I’ll be the first to admit it: I have a horrible memory. I suppose that’s how I got into working for a magazine in the first place. I’ve always been drawn to documenting events—whether through written word or photography–so that I can remember the good times from my past. I have stacks upon stacks of photo albums, and occasionally I’ll flip through them. They muster up that warm, achy feeling of nostalgia, and as I browse them, I begin to remember the sounds and smells of that period in my life.
Another one of the things I love about the magazine world is that I’m constantly learning new things by reading the articles we publish. It’s information I put to use in my own garden and kitchen. But as much as I read, I learn even more when I get out onto someone else’s farm and work alongside them. I learn new ways of harvesting vegetables, planting seeds and fighting pests. The learning experience is rich, and it sticks with me longer than the words of an article (though, sometimes I still have to take a picture to jog my memory). I don’t like to forget the things people tell me, but like Ben Franklin says, I will. I’ve learned that as I try to cram more and more information into my brain, I’ll absorb it better if I’m in the middle of the action.
This week, I’m out visiting the farmers of the New Orleans area. Raised in the Midwest and with my current roots placed down in Kentucky, I’ve never had the opportunity to visit the Deep South. It’s exciting! People here are farming more than fruits, vegetables and traditional livestock. Seafood is a huge part of the local diet, and I’ve even seen farms that specialize in alligators! While the hot summer is the off-season for growing here, I’m learning so much—things I could have never imagined if I were reading about it from my computer screen.
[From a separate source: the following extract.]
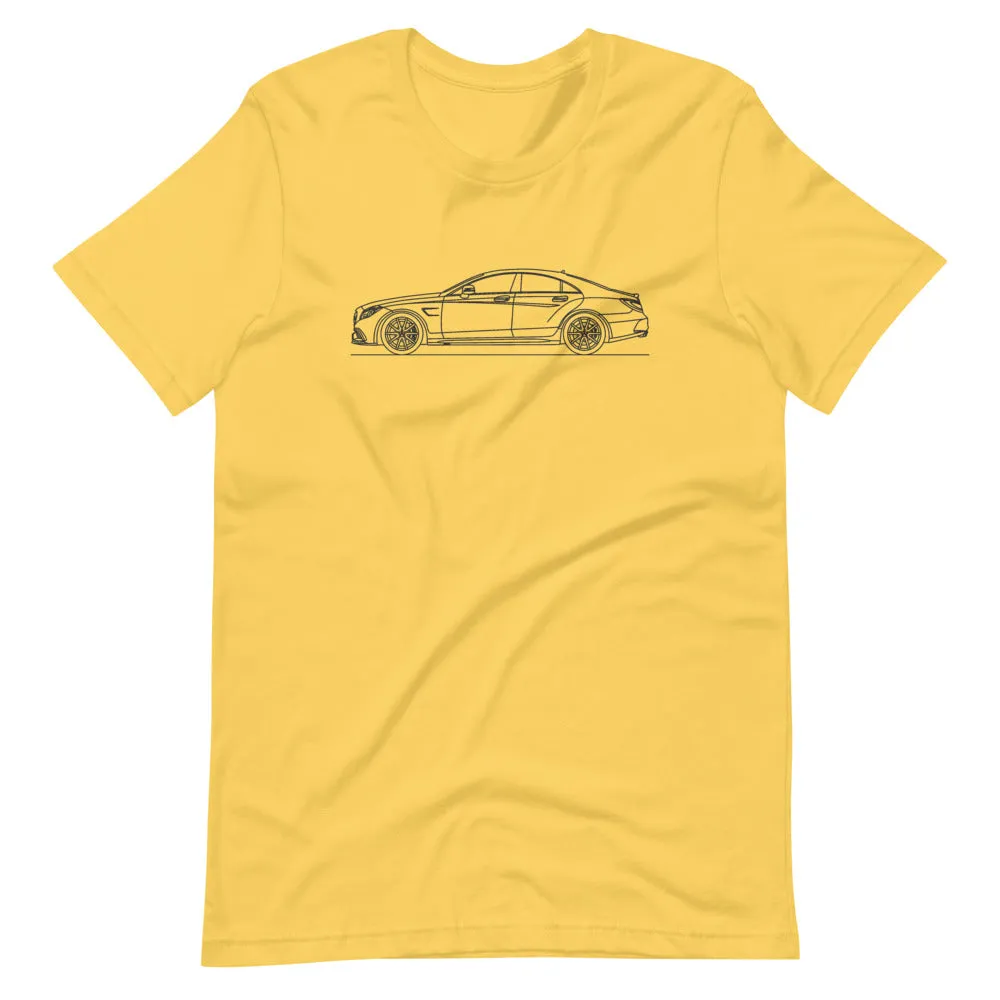Mercedes-Benz CLS 63 AMG Outline T-shirt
So if there’s something right now you’re itching to dig into, do it! Approach a farmer friend who’s practicing a different husbandry method or growing technique, and ask if you can help them out with their farm chores for a day. Ask them questions and practice the method alongside them before taking the knowledge back to your own farm. If you’re like me, you might have to take a photo to remember all the details, but by getting yourself involved in new activities or practices, your own farm is sure to be enriched.